Mengubah Takdir Indonesia Melalui Pendidikan
Saya sangat cinta Indonesia. Cinta itu pula yang menginspirasi buku saya "Guru untuk Indonesia". Oh iya. Saya seorang guru SMA. Saat ini sudah 9 tahun menjalani profesi guru. Banyak suka duka jadi guru.
Buku ini menceritakan tentang suka dan dukanya menjadi guru. Semacam curhatlah buku yang terbit pada Desember 2018 ini. Boleh jadi dalam proses pendidik itu seorang guru menemui jalan yang berliku bahkan buntu.
Banyak menghadapi kenakalan siswa. Pengen mengubah siswa menjadi baik. Tapi sering gagal. Nggak satu atau dua kali gagal. Tapi jangan menyerah. Guru harus ikhlas mengalokasikan waktu, tenaga, dan materi untuk siswa.
Kenapa saya katakan pengorbanan materi? Supaya relasi siswa-guru terbangun baik, maka guru bisa melakukan berbagai pendekatan, nggak cuma di kelas. Kadang ngajak ngaliwet atau makan bareng. Kadang main futsal atau badminton. Nah, sering kali guru yang keluar uang buat mbayarin siswa. Emang iya? Bener banget. Setidaknya itu yang saya alami.

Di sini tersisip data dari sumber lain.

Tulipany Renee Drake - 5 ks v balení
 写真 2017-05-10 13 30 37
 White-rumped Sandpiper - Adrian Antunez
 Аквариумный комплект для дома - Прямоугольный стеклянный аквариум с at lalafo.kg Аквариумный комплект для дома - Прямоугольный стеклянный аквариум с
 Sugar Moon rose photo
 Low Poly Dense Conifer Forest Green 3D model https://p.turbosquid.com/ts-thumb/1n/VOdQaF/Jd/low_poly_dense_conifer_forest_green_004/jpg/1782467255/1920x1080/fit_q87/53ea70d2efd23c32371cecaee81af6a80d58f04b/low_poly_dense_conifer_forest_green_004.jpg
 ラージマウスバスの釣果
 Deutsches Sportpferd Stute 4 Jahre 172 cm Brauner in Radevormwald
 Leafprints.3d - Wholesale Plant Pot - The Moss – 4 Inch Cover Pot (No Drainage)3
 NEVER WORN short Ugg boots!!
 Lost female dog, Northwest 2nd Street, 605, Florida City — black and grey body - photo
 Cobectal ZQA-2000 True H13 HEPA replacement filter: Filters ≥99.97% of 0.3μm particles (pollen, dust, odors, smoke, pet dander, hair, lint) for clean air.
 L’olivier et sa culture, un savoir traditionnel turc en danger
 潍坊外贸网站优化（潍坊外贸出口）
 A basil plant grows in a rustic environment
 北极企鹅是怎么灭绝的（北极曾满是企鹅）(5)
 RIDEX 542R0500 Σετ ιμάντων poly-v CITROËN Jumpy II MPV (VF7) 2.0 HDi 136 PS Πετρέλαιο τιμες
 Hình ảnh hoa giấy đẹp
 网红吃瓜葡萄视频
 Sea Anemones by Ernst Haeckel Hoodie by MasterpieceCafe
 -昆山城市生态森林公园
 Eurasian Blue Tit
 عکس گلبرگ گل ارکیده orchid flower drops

Supaya menjaga semangat mendidik, jadikan profesi guru sebagai pengabdian. Memberikan kontribusi kepada bangsa. Sebab, kalau alasan materi, rasanya nggak sebanding gaji dengan pengorbanan guru.
Kalau mengharap pujian dari siswa ataupun orang tua, pujian itu nggak akan sebanding dengan kesulitan dan kesusahan sewaktu mendidik siswa. Maka, lakukan peran sebagai guru untuk Indonesia. Menjadi Guru untuk Indonesia.
Uniknya, kecintaan saya pada Indonesia ini nurun ke anak saya. Anak saya suka banget sama Indonesia. Suka banget sama bendera merah putih.
Mendekati usia yang ke-2 tahun ini, anak saya identik dengan Indonesia. Ke mana-mana ucapannya sering Indonesia. Ke siapa saja pun akan bilang Indonesia.
Kalau
sedang jalan-jalan terus melihat kibaran bendera, spanduk, umbul-umbul…dia akan
mengatakan Indonesia. Semuanya yang berkibar dianggap bendera. Kalau ketemu tiang bendera pengennya ngerek.
Begitu cintanya dia pada Indonesia, sampai-sampai tidur pun harus ada Indonesia di sampingnya.
Kadang nggak tau tempat. Pernah di pos jaga tentara ada bendera, dia dekati. Pengen ngambil benderanya. Di usianya yang genap 2 tahun, terbata-bata dia bisa menyanyikan Indonesia Raya. Baik saya tuntun, atau dia melafalkan sendirian.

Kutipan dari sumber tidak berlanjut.